___ Dataset excerpts ___
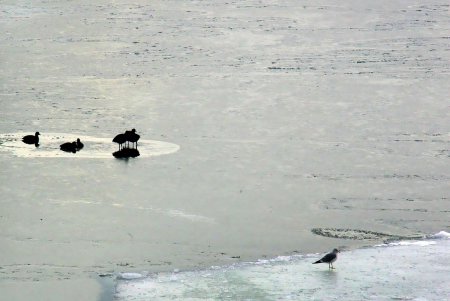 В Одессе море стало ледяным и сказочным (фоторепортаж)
___
___ Dataset excerpts ___
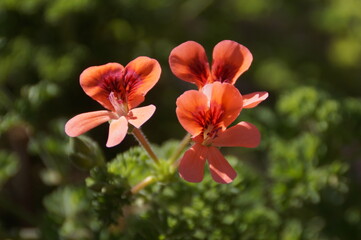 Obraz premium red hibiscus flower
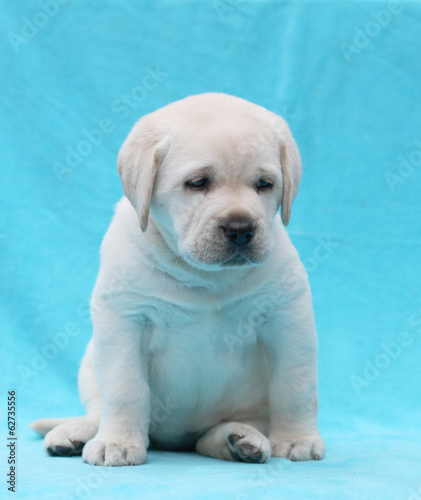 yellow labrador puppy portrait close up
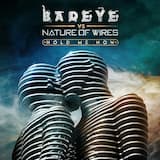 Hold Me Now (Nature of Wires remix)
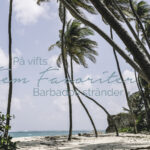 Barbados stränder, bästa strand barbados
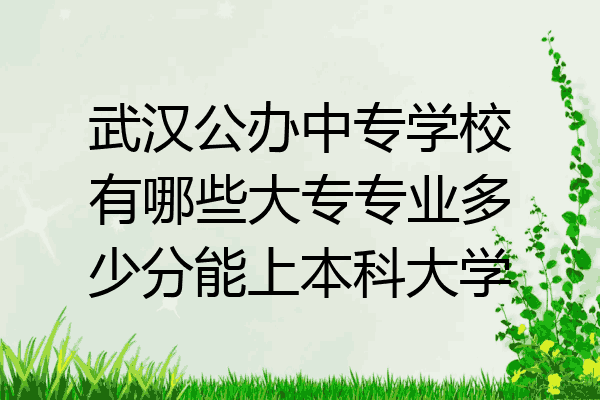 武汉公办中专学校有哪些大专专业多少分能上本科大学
___
___ Dataset excerpts ___
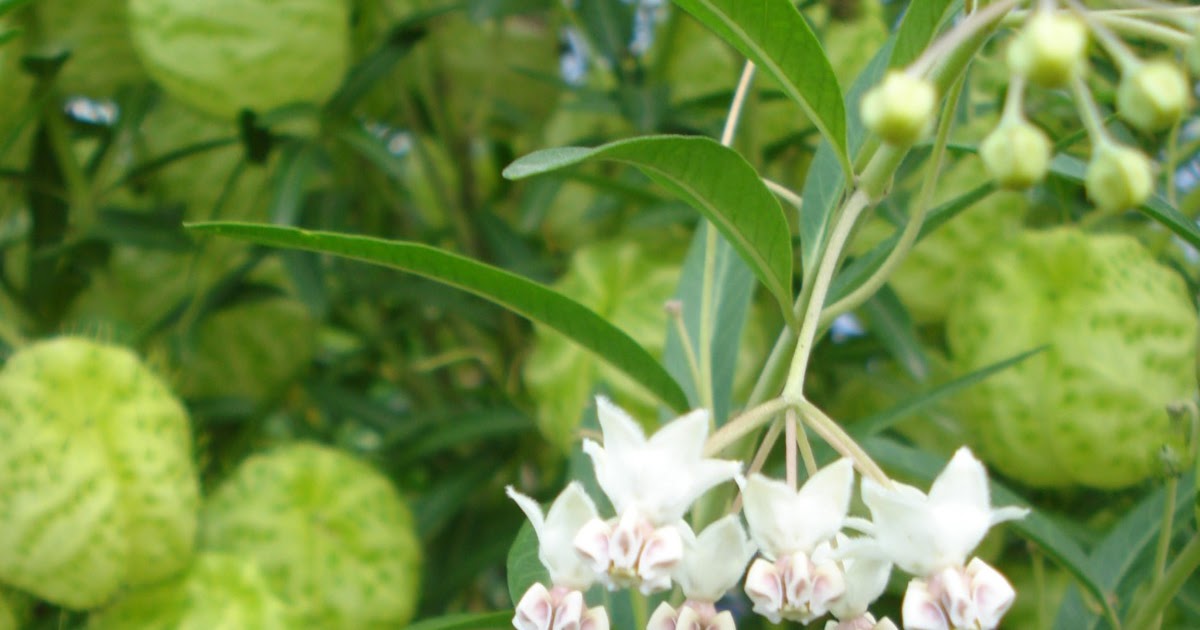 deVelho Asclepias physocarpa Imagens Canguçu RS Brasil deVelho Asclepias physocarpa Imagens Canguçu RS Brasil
___
### Task to complete
Above this task is a listing with pictures in it. Retype only the lines from the one containing "yellow labrador puppy portrait close up" through the one containing "武汉公办中专学校有哪些大专专业多少分能上本科大学", both included, and not the pictures.

### Exercise answer
 yellow labrador puppy portrait close up
 Hold Me Now (Nature of Wires remix)
 Barbados stränder, bästa strand barbados
 武汉公办中专学校有哪些大专专业多少分能上本科大学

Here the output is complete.